Wise words from the Anti-Black Caucus. (That sounds dreadful - perhaps they ought to be the Beige Tendency. Or is that worse?)
Fear not the light interior. As Humph says, a bit of a wipe from time to time is all it takes - and the same is true of a black one, since the dirt is there even if you can't see it. My Volvo, with its beige-grey 'Oak' interior was chosen in 2002 when we had a toddler and an embryo; ten years and 130,000 miles on, the few signs of wear are mostly related to it being a fabric interior rather than a leather one; if I'd known then I'd be keeping it this long I'd probably have gone for the half-leather 'Svangen' option, but still not in black.
Funny, isn't it, how people these days seem happy to choose black exteriors that look great for ten minutes after washing, or until the car moves, whichever comes first, then filthy until the next wash, but fret about whether the interior will show the muck?
I've not looked at the Cinnamon option from BMW but if it looks like the Brown interiors offered by MB and Audi, you get an interior that looks like it was designed to be black, only with brown seats in place of the black ones, and the effect is jarring.

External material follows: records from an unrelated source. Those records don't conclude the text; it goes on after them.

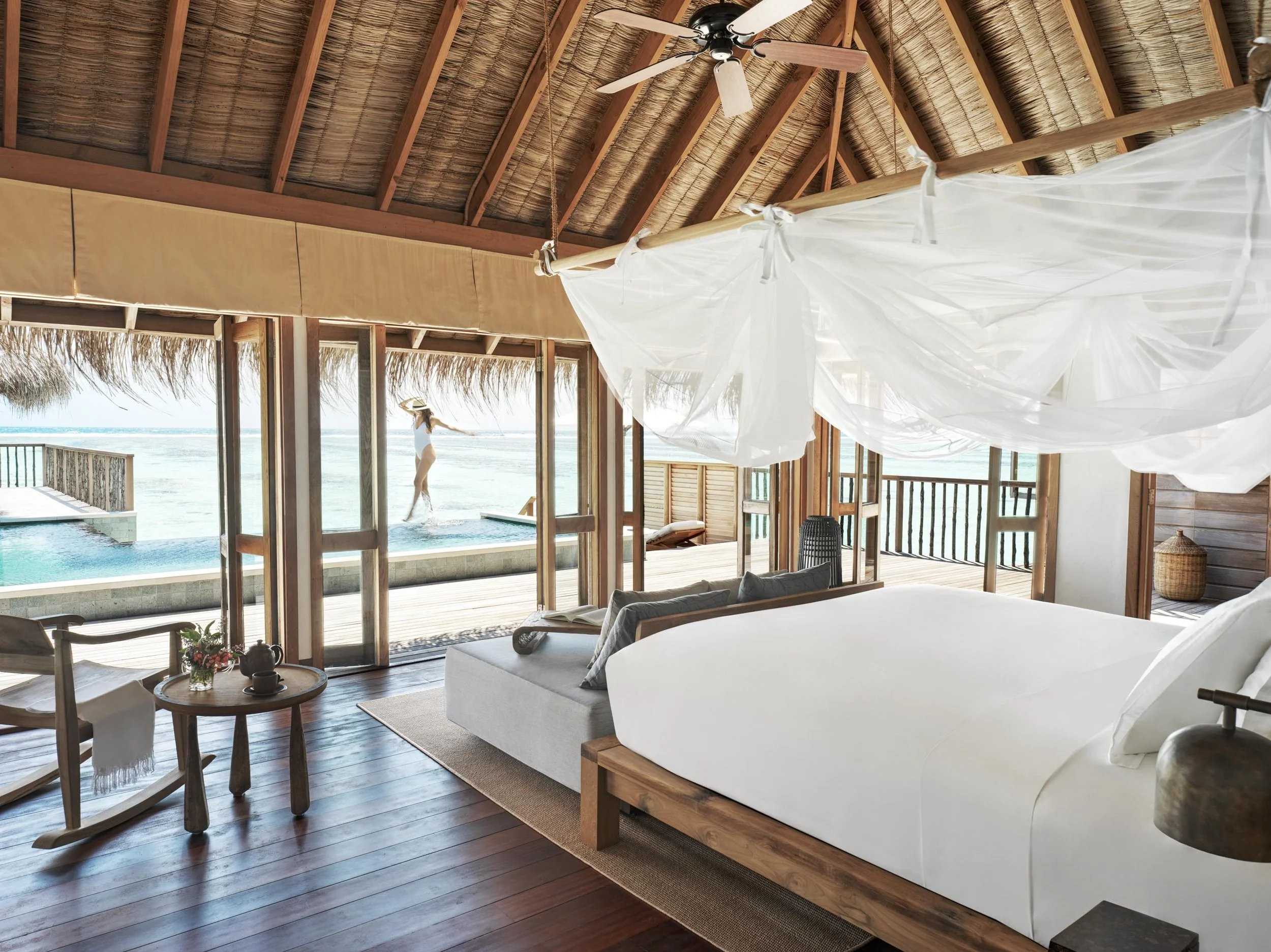GLF Villa 17 Master Bedroom Lifestyle_0010.jpg
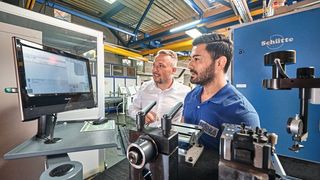 V. l.: Kelch-Berater Bastian Birkenfeld, hier mit Bögra-Mitarbeiter Erdim Soysal, gab nach der Inbetriebnahme allen zuständigen Mitarbeitern bei Bögra eine Einführung. (Kelch GmbH | Christian Ahrens)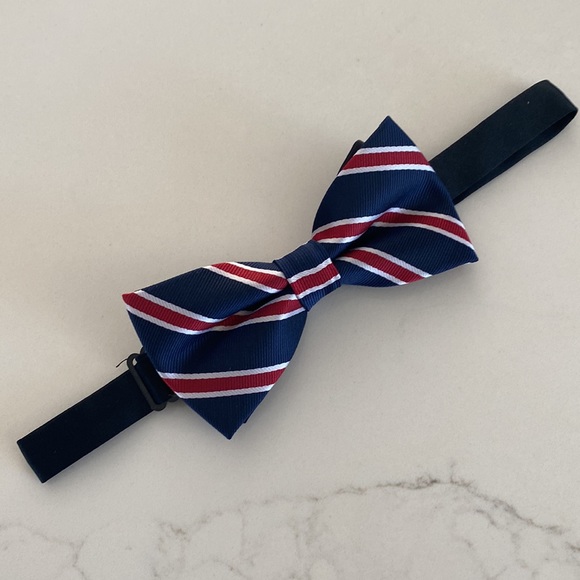 3/$20 Set of (4) pre-tied bow ties new/unused - Picture 2 of 4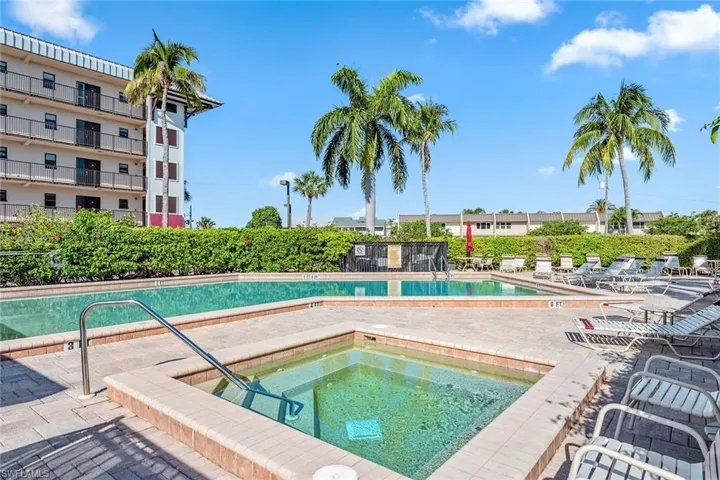 807 River Point Dr # 105d, Naples, Florida 34102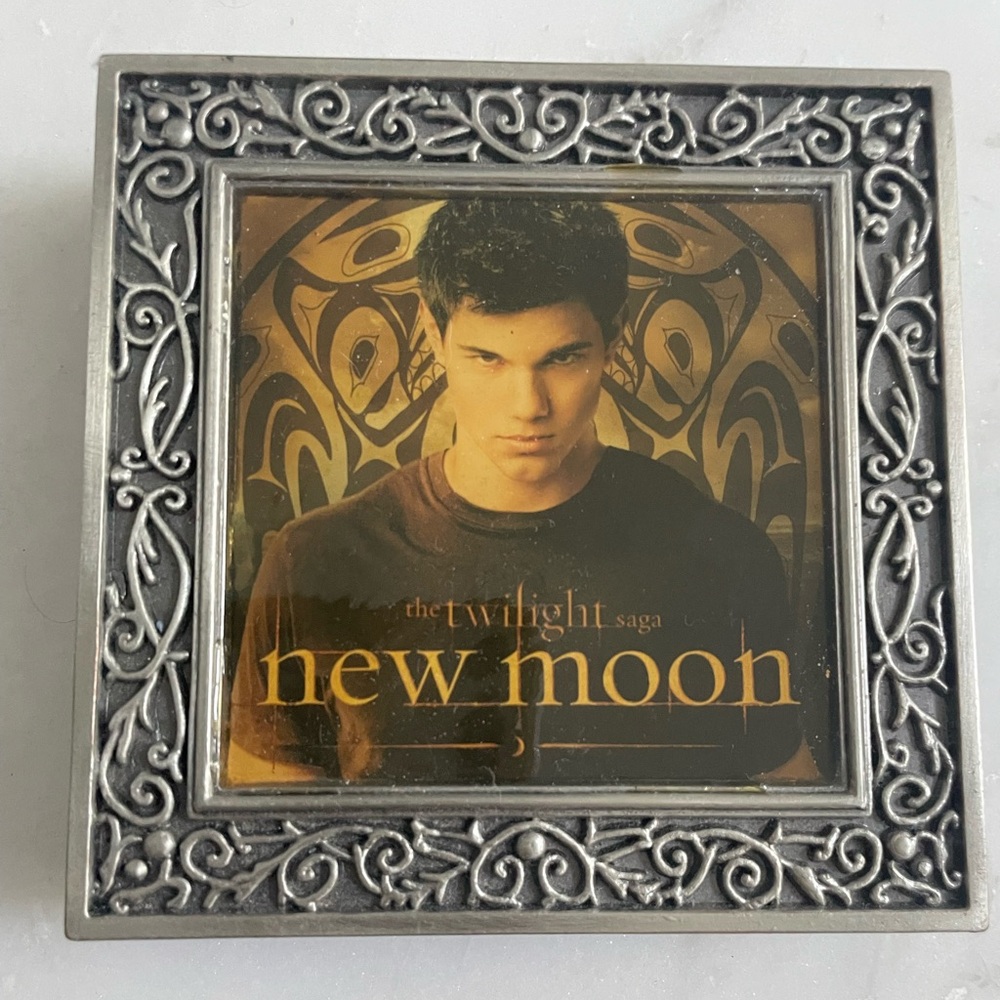 Twilight-  New Moon Jacob Black jewelry tin- gently used. No box .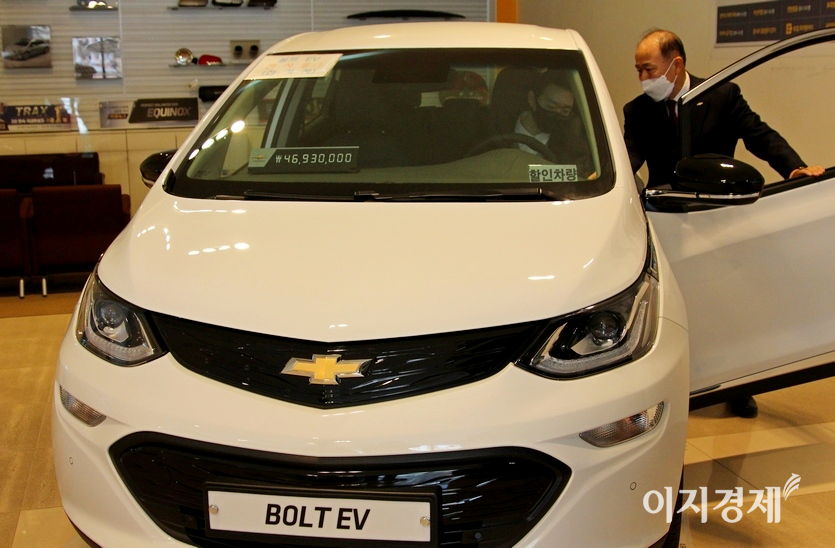 한국GM은 볼트 EV의 SUV 트림도 도입한다. 사진은 볼트 EV. 사진=정수남 기자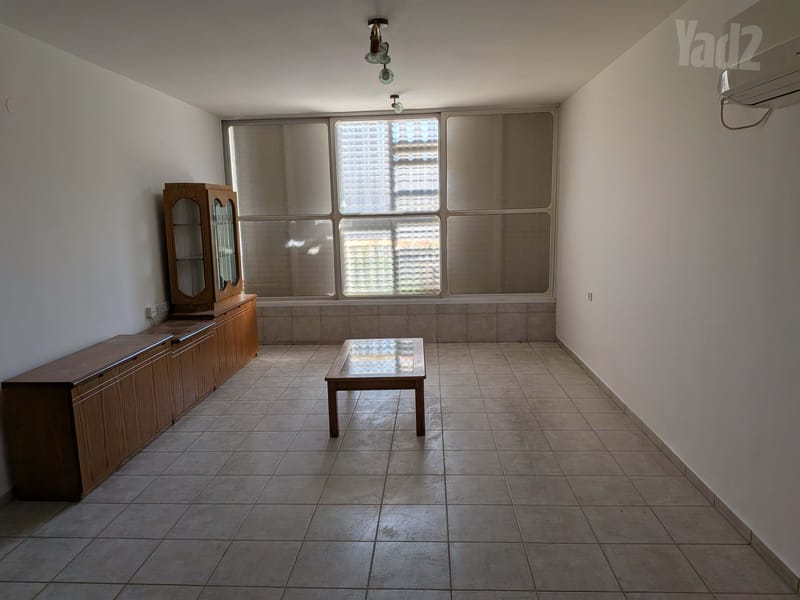 תמונה מיד2 – 3.5 חדרים • 5,200 ₪, הנשיאים 10, כפר גנים א', פתח תקווה (1)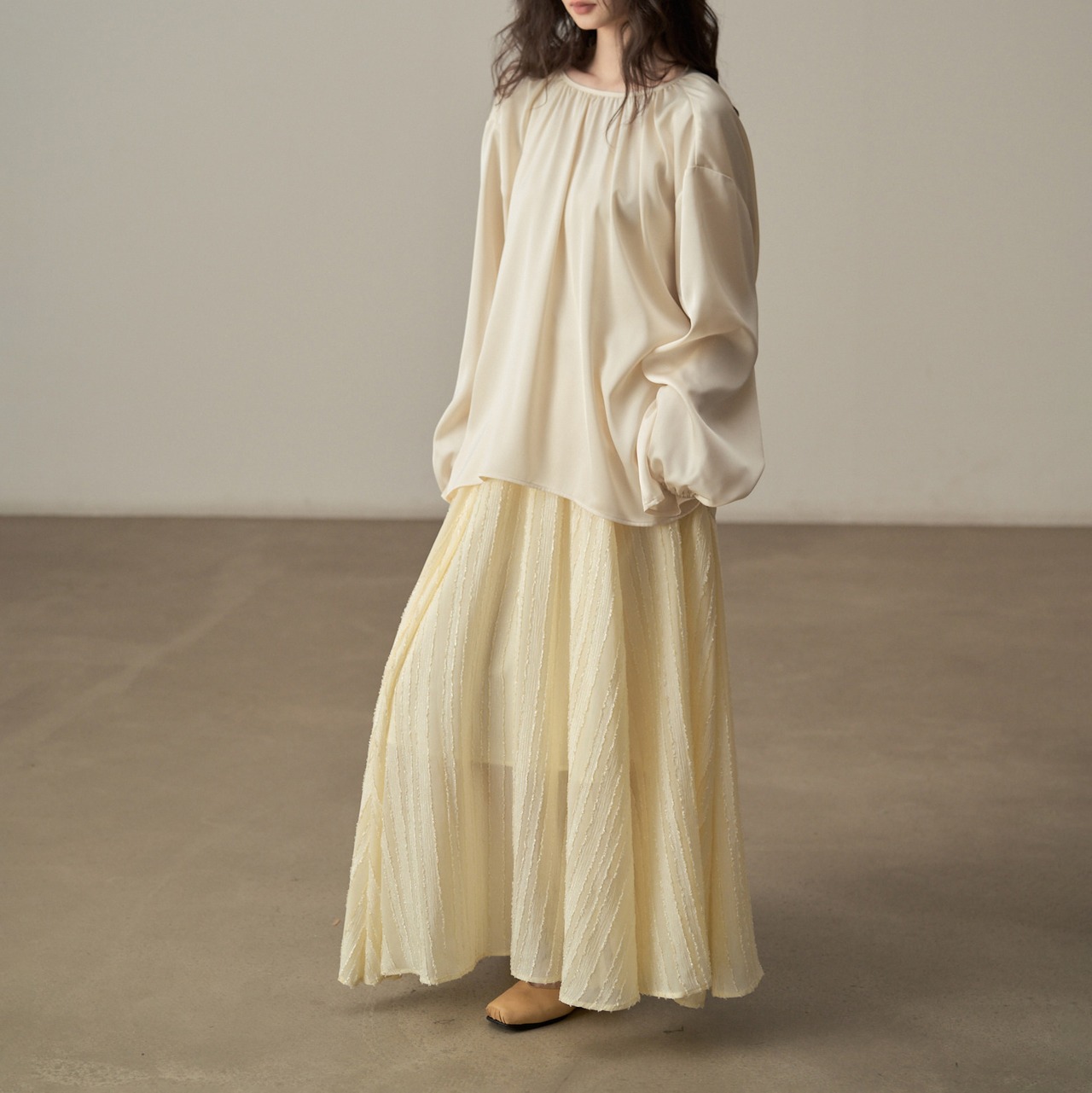 バルーンスリーブ光沢カラーブラウス H0076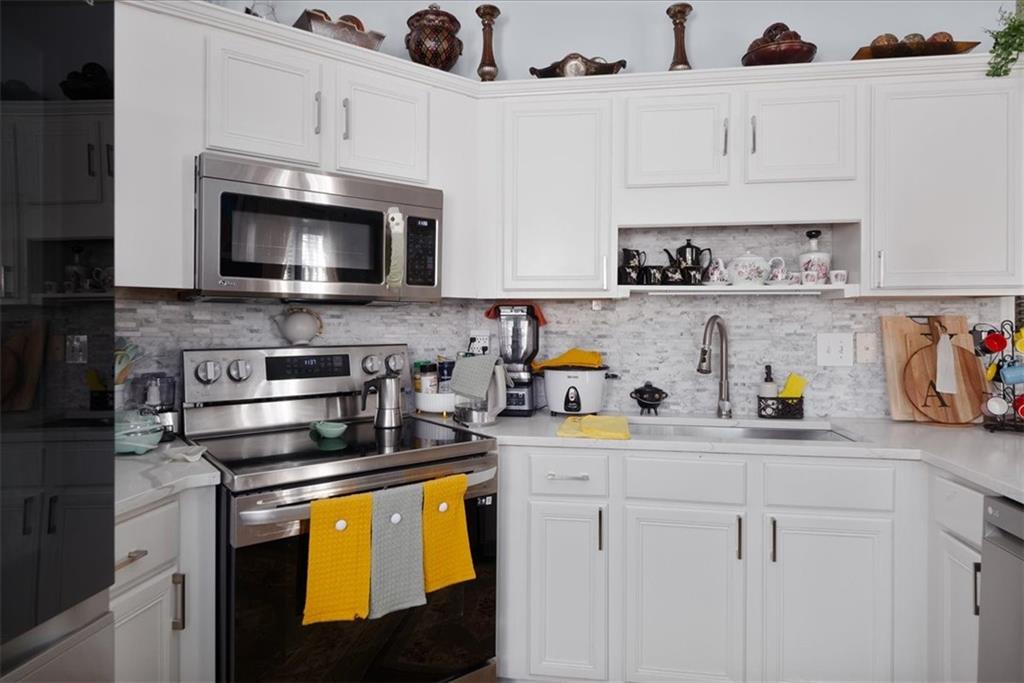 5036 Timber Hills Drive, Oakwood, Georgia image 5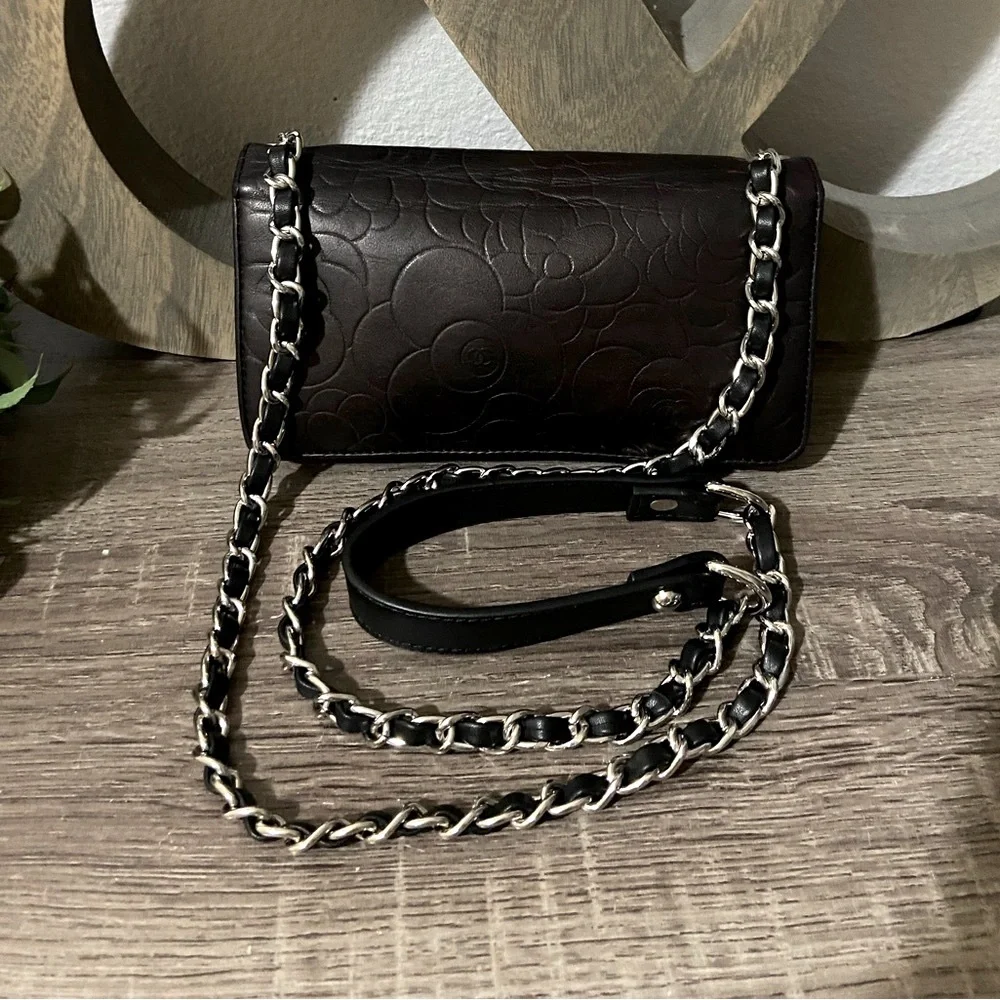 🖤Chanel Camellia Black Wallet Chain with Silver Tone Hardware Crossbody Shoulder
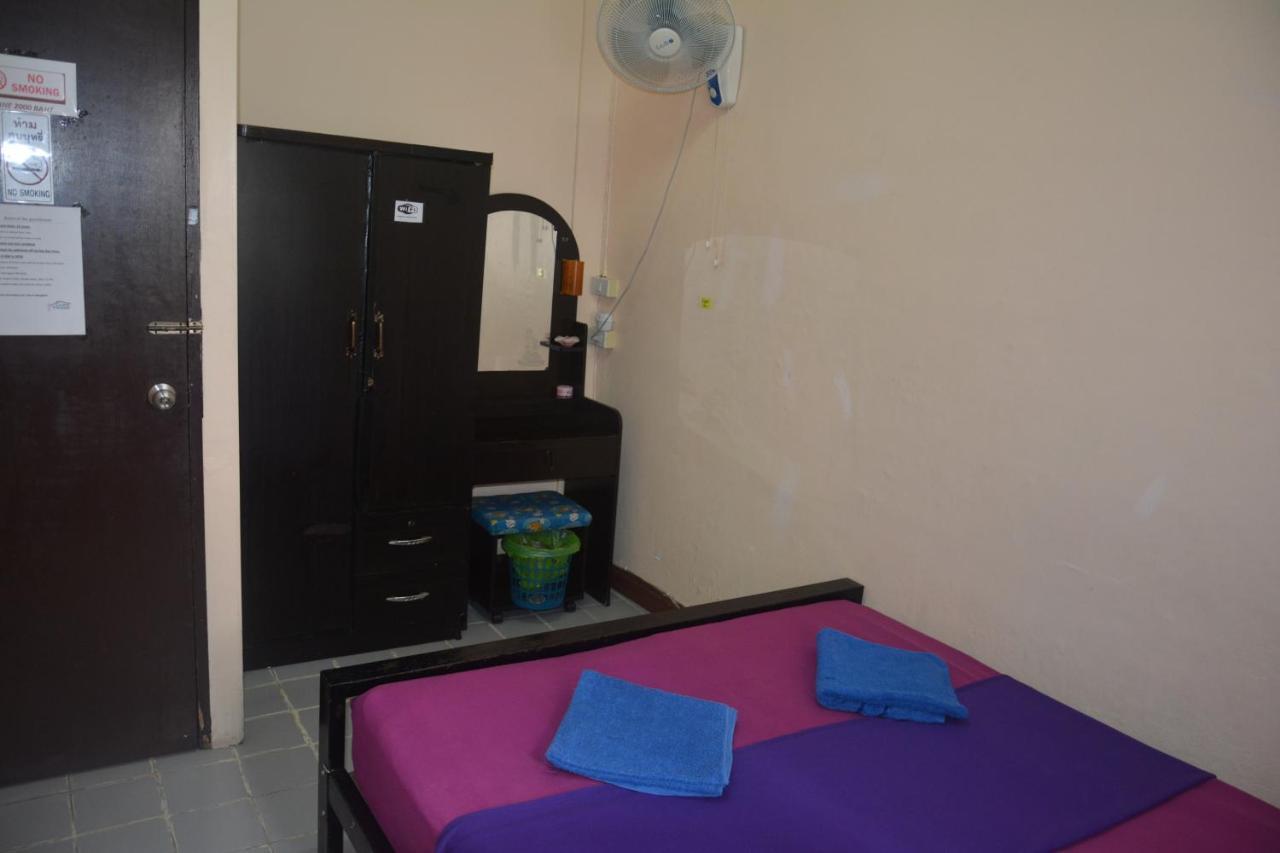 Yaya Guesthouse Bangkok Dış mekan fotoğraf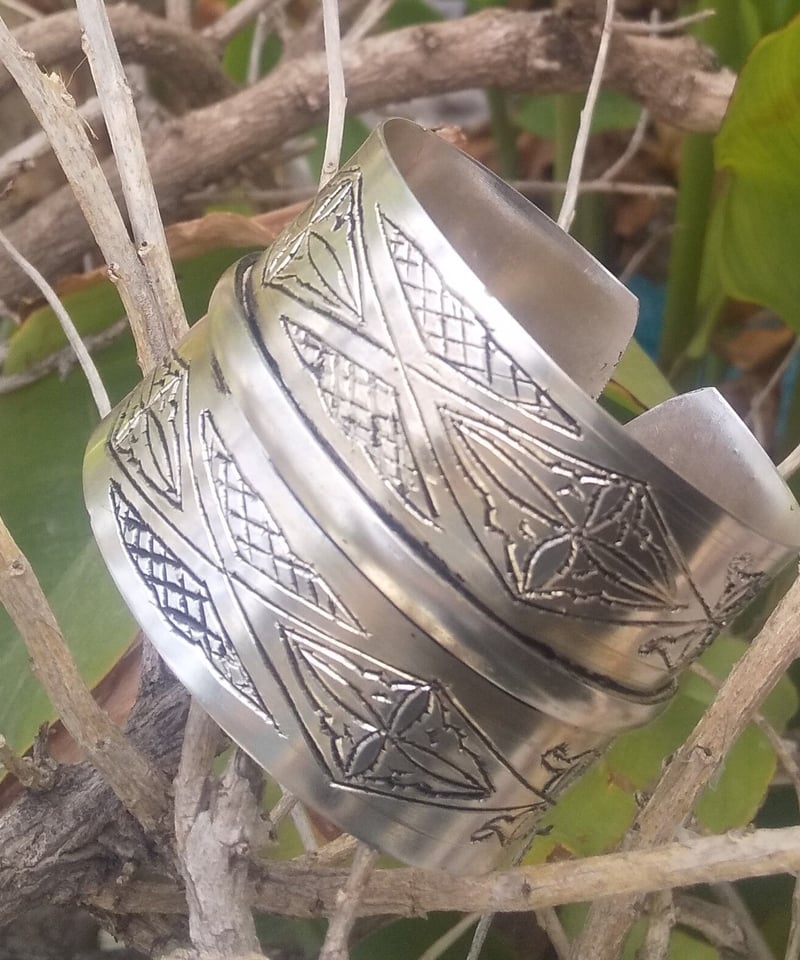 バングル（シルバー）ベルベルデザイン | Taste of Tunisia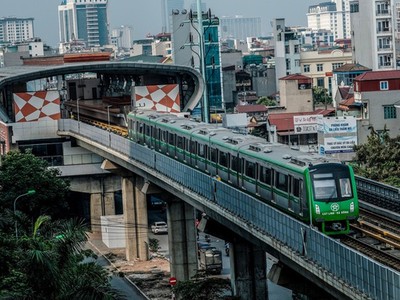 Đường sắt trên cao Cát Linh - Hà Đông đã nhiều lần lùi, hoãn tiến độ vận hành, khai thác.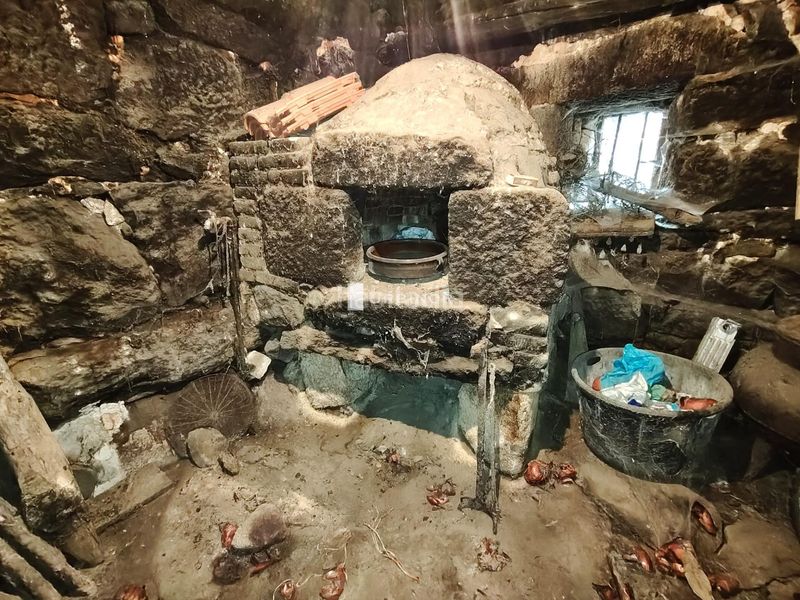 Foto e2dcc310-2fed-4b82-90cb-8b79d70bb63d. Maison dans Esgos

The funny thing is, brown leather is one of my favourite materials: most of my shoes and belts are in shades of brown, and I secretly covet a variety of brown leather work and weekend luggage, but I've yet to see it done convincingly in a modern car. I think it may be because the seats have to tone with the functional, technical parts of the interior, and those just look wrong in anything but black or dark grey; that's why there are no brown iPads.
This has parallels in my own search for a Mercedes E estate: the (rare) alternative to black inside those is light grey, and I have a problem with that that maybe you can help with. The trouble is that grey leather takes me back to an 80s world of ruched loafers with little chains on, yellow Farah slacks and Ralph Lauren polo shirts. Not a style I ever affected myself, you understand - I was still a student then - but it appalled me in my elders and I'd have a hard time adopting it now. Perhaps uncle Humph can offer some encouragement from behind his study desk, followed by a paper bag of gobstoppers and the muttered exhortation, "Don't tell your mother."